J.D. Vance livre aux États-Unis et dans le monde un combat acharné contre les « woke (éveillés anti-discrimination). Une véritable guerre culturelle avec pour alliés, Giorgia Meloni, le président argentin Javier Milei ou encore l’extrême droite allemande (AfD), dont il a rencontré la cheffe Alice Weidel en février à Munich.
Il partage également avec eux un discours anti-migrants — qui l’a fait critiquer vivement les États européens en février à Munich, mais aussi le pape François, dont la solidarité avec les migrants est un fil rouge de son pontificat.

« Petits blancs » et milliardaires

Le vice-président américain est, comme le jésuite François, un intellectuel. Mais là encore sur le tard, car né dans une famille pauvre de l’Ohio, d’un père vite absent et d’une mère toxicomane.
C’est après un long passage dans les Marines, notamment dans l’Irak en guerre en 2005, qu’il entreprend des études et sort diplômé de la prestigieuse université de Yale. Il rencontre à cette époque Peter Thiel, le fondateur de PayPal, qui financera ses campagnes électorales et lui partagera ses convictions de libertarien catholique.
J.D. Vance en conserve une vertu rare, essentielle dans la galaxie de Donald Trump : savoir parler à la fois aux « petits blancs » et aux milliardaires de la tech.

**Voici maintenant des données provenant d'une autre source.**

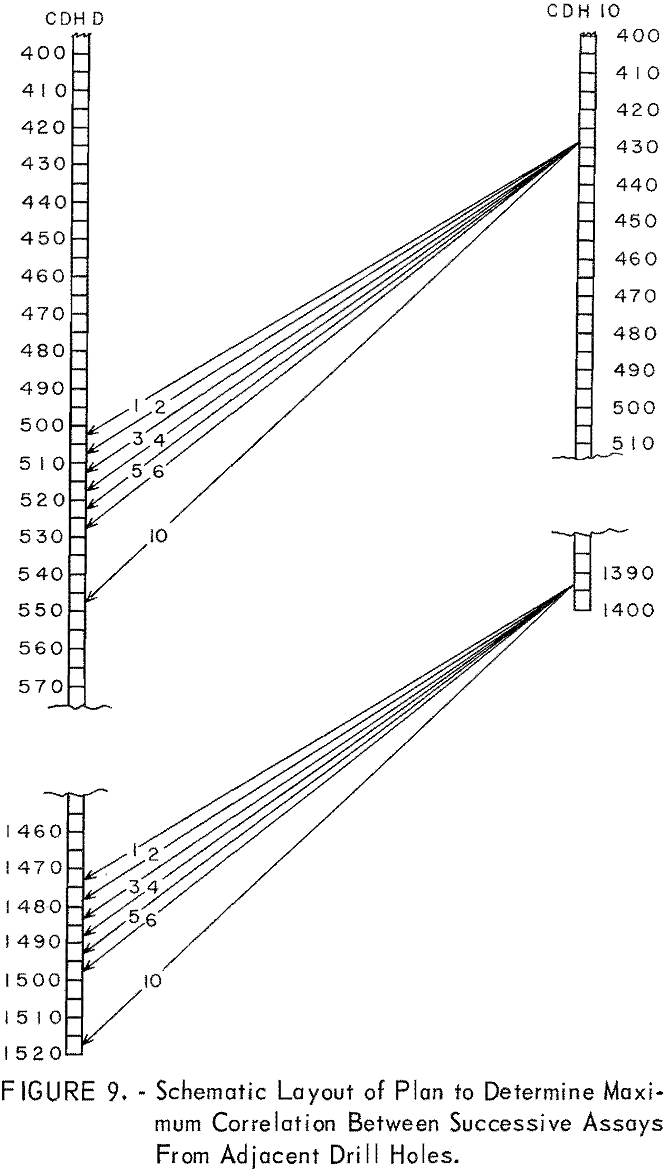 mine sampling layout of plan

L’Irak l’a convaincu de l’inanité des guerres extérieures qui confondent politique et « moralisme ». Son mot d’ordre est « l’Amérique d’abord », et il assume se « moquer de ce qu’il adviendra de l’Ukraine ». Le pape François ne dira pas cela, bien sûr, mais ils convergent, avec Giorgia Meloni, sur l’urgence première du retour à la paix, quoiqu’il en coûte à l’Ukraine.

Le vice-président US, possible successeur de Donald Trump, est décidément un radical.

Il écrit ainsi dans Hillbilly Élégie que « ceux qui vont régulièrement à l’église commettent moins de crimes, sont en meilleure santé, vivent plus longtemps, abandonnent moins souvent leurs études et obtiennent plus fréquemment un diplôme universitaire que ceux qui n’y vont jamais ».
Pas sûr que le pape François oserait prétendre cela.